_Your assignment_
Produce the lines from the one containing "北歐式花瓶流水噴泉家居客廳水晶球辦公室會所裝飾品招財水景擺件" through the end of the material exactly as they appear, both ends included, and leave the pictures out.

*** Information provided ***

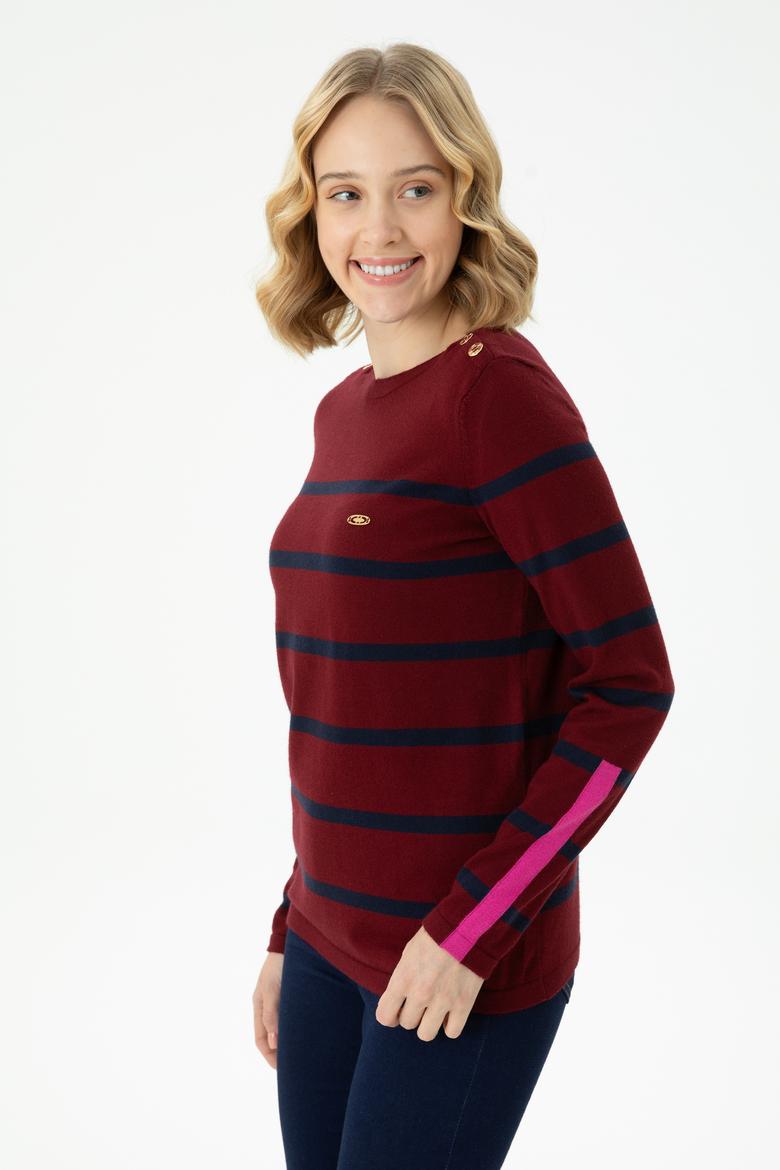 Kadın Bordo Bisiklet Yaka Kazak - 50269500005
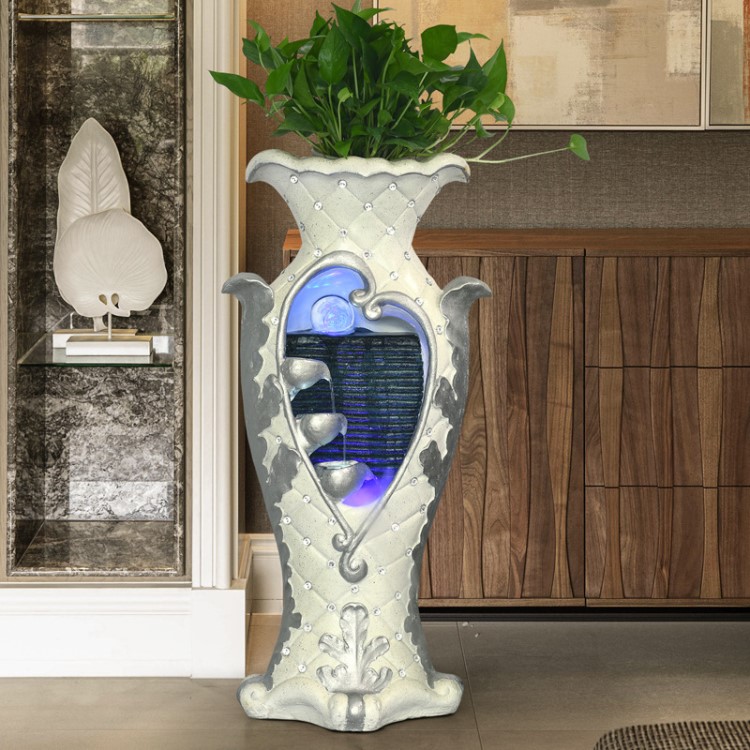 北歐式花瓶流水噴泉家居客廳水晶球辦公室會所裝飾品招財水景擺件
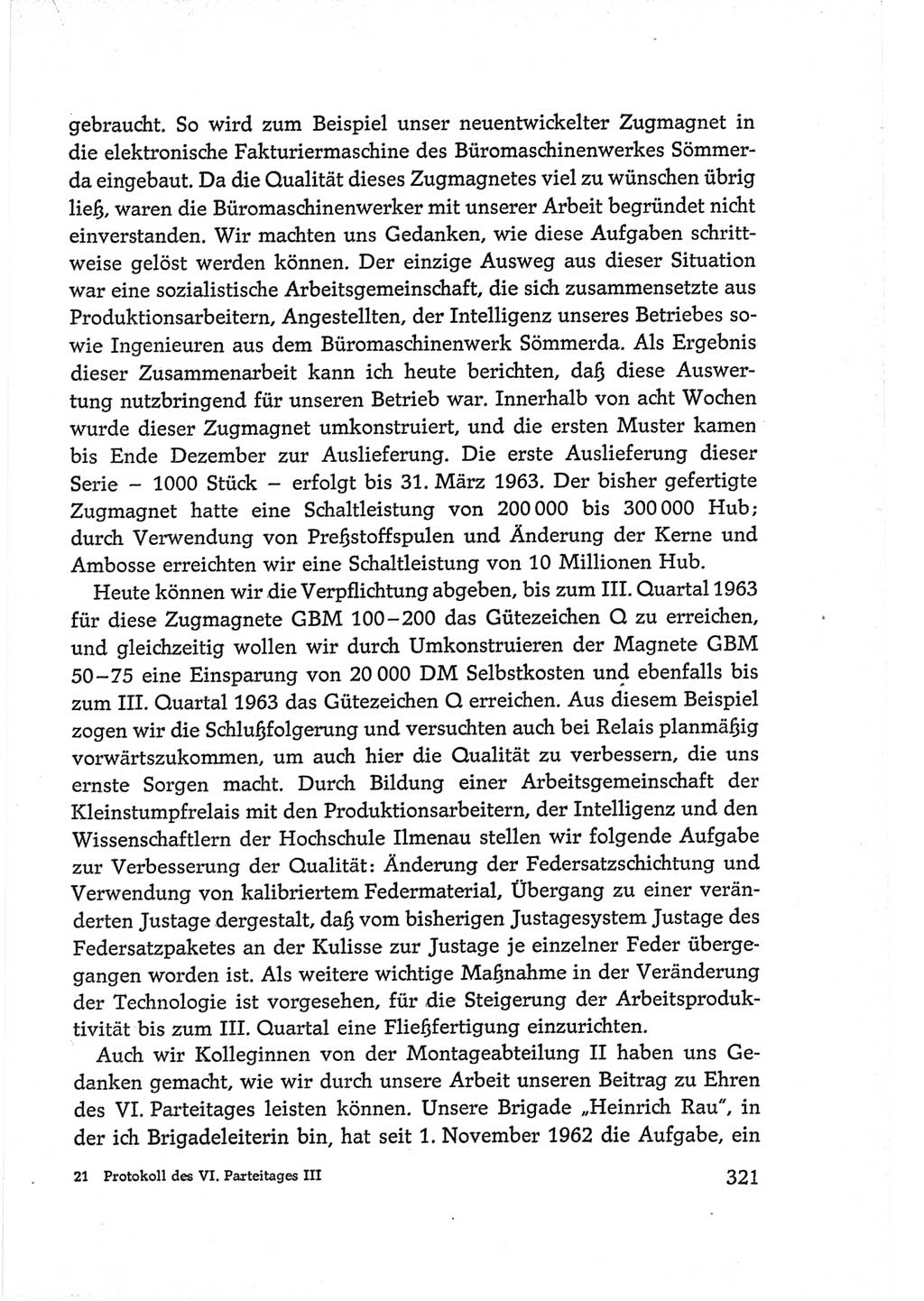 Protokoll der Verhandlungen des Ⅵ. Parteitages der Sozialistischen Einheitspartei Deutschlands (SED) [Deutsche Demokratische Republik (DDR)] 1963, Band Ⅲ, Seite 321 (Prot. Verh. Ⅵ. PT SED DDR 1963, Bd. Ⅲ, S. 321)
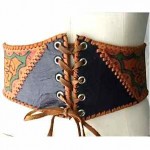 vintage char lizard painted leather corset cinch belt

*** End of Information provided ***

_Written reply_
 北歐式花瓶流水噴泉家居客廳水晶球辦公室會所裝飾品招財水景擺件
 Protokoll der Verhandlungen des Ⅵ. Parteitages der Sozialistischen Einheitspartei Deutschlands (SED) [Deutsche Demokratische Republik (DDR)] 1963, Band Ⅲ, Seite 321 (Prot. Verh. Ⅵ. PT SED DDR 1963, Bd. Ⅲ, S. 321)
 vintage char lizard painted leather corset cinch belt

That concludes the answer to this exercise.